Кровь прилила к щекам, лицо загорелось и разум тоже. Руки зачесались от желания съездить по лицу этому мужлану, да хоть кому-нибудь, не только ему.
— Селеста… — извиняющимся тоном начал Лис.
— Убирайся! — прошипела она. — Забирай своего дружка и уматывай отсюда! — она старалась не кричать, но сдержать себя было почти невозможно. Не хотелось ещё раз стать посмешищем в глазах Яна и остальных мужчин. Её и так обсуждали, словно неодушевлённую вещь.
— Я просто… — он не мог вставить ни слова между её гневными репликами. Она источала ярость, а глаза чуть не искры метали. Он на миг смутился, явно удивлённый её реакцией на произошедшее.
— Оставь меня в покое! Устроил тут представление! — она оттолкнула его и вышла из приёмной, боясь, что в своём гневе может зайти слишком далеко.
Лисандро так и остался оторопело стоять посреди кабинета. В растерянности и непонимании.
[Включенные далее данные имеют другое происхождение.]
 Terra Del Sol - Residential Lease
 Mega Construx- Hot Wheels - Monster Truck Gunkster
Разве он сказал что-то обидное, чтобы вызвал такую бурную реакцию? Ничего такого не сказал. Только попытался предупредить слишком умного и самовлюблённого братца. Хотя может и не стоило самому так остро реагировать на его провокацию. В том, что это было провокация чистой воды, он даже не сомневался: Данте начал слащаво улыбаться, как только заметил его в дверях. И Лис, в свою очередь, не смог остаться в стороне, а тут же сказал ему пару слов. Мог бы и ещё пару ласковых сказать, если бы не заметил выражения лица Селесты. Вот кого-кого, а её он хотел обидеть меньше всего. Но может быть она в чём-то права. Не стоило делать этого на глазах у неё. Не стоило устраивать эту глупую сцену ревности. Данте с лихвой добился своего — разозлил его. А как теперь Селесту успокоить? Он был просто уверен, что на его оправдания она не обратит ни малейшего внимания.
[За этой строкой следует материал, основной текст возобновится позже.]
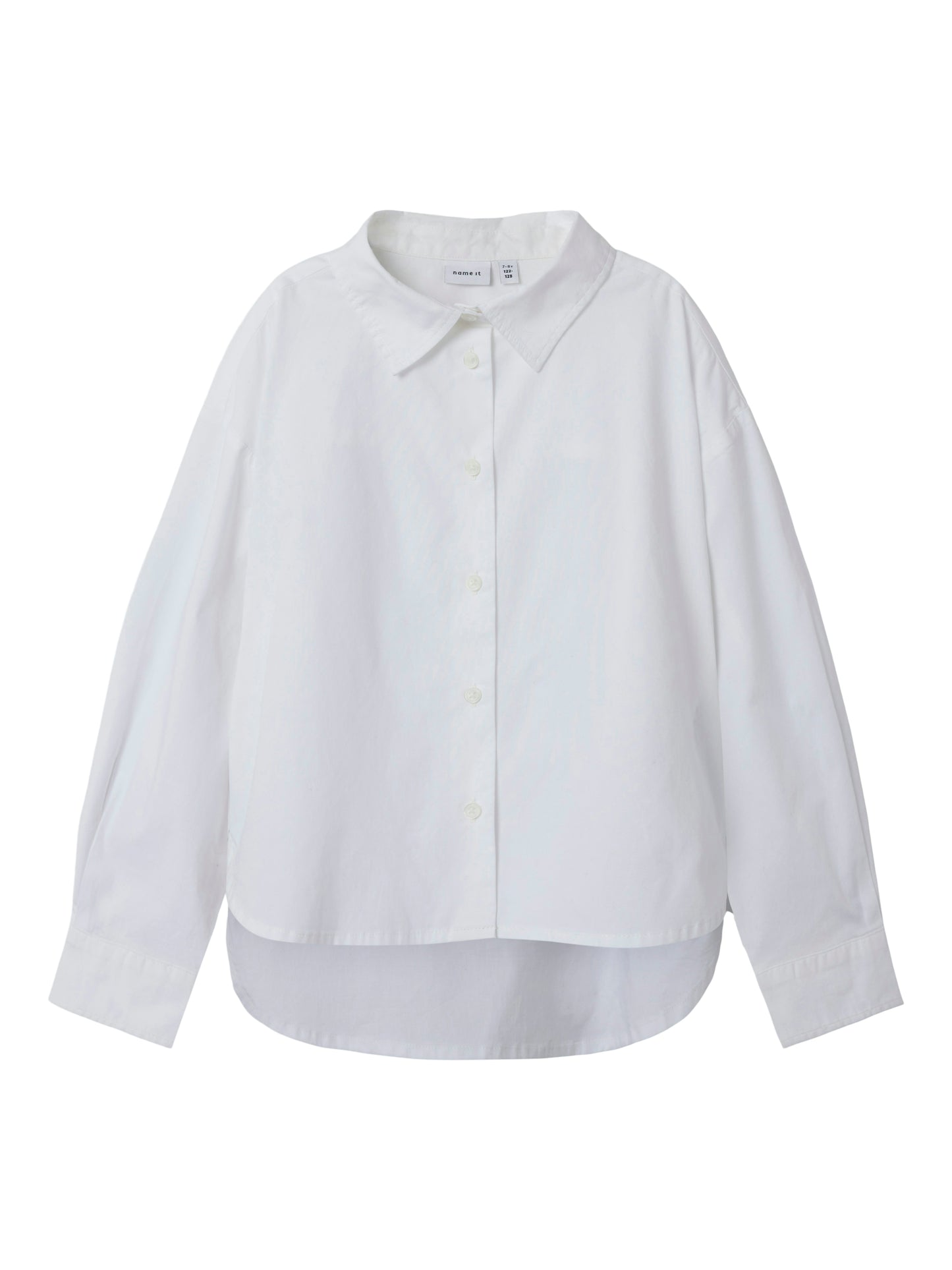Name it - Niara blouse - Cloud dancer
Он расстроился, потому что хотел совершенно другого. Это давно перестало быть игрой, но она ему не верила. Чем ближе он подбирался к ней, тем яростнее она сопротивлялась. Он хотел всего лишь стать для неё всем миром — и водой и воздухом; почвой под ногами и опорой. Хотел обнять её и утопить в своей любви. Хотел подарить ей мечты и сделать их явью.
Но она не верила…
Лисандро состроил непринуждённое выражение лица и вернулся в кабинет Яна. Оттуда слышался смех и бурные обсуждения. Вот только ему уже было совсем невесело. Первым его желанием было выскочить вслед за ней, догнать и поговорить, но он не стал этого делать. Понятно, что она не в том настроении, чтобы выслушивать его излияния.
Господи, как бы она хотела вернуть эти моменты! Разозлиться из-за такой глупости! Накричать ни за что! Убежать в обиде! Это всё того не стоило! Совершенно не стоило!
Но как обычно, для раскаяния становится слишком поздно. Осознание не даёт облегчения, а изменить ничего нельзя. Это была одна из последних встреч, перед этим несчастьем. Одна из последних встреч, когда она видела его живым и здоровым.